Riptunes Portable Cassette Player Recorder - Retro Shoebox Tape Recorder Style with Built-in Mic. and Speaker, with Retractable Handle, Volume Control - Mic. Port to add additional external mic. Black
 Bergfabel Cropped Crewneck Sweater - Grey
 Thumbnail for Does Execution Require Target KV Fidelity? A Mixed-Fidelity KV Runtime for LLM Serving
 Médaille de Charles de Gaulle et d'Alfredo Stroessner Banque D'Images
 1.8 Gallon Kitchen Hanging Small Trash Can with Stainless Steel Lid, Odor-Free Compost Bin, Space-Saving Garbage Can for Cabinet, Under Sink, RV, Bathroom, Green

┄┄┄┄┄┄┄┄┄┄┄┄┄┄┄┄┄┄┄┄

YOUR ASSIGNMENT:
All lines from the one with "Bergfabel Cropped Crewneck Sweater - Grey" through the end of the material above are to be printed exactly, and only those.

EXERCISE OUTPUT:
 Bergfabel Cropped Crewneck Sweater - Grey
 Thumbnail for Does Execution Require Target KV Fidelity? A Mixed-Fidelity KV Runtime for LLM Serving
 Médaille de Charles de Gaulle et d'Alfredo Stroessner Banque D'Images
 1.8 Gallon Kitchen Hanging Small Trash Can with Stainless Steel Lid, Odor-Free Compost Bin, Space-Saving Garbage Can for Cabinet, Under Sink, RV, Bathroom, Green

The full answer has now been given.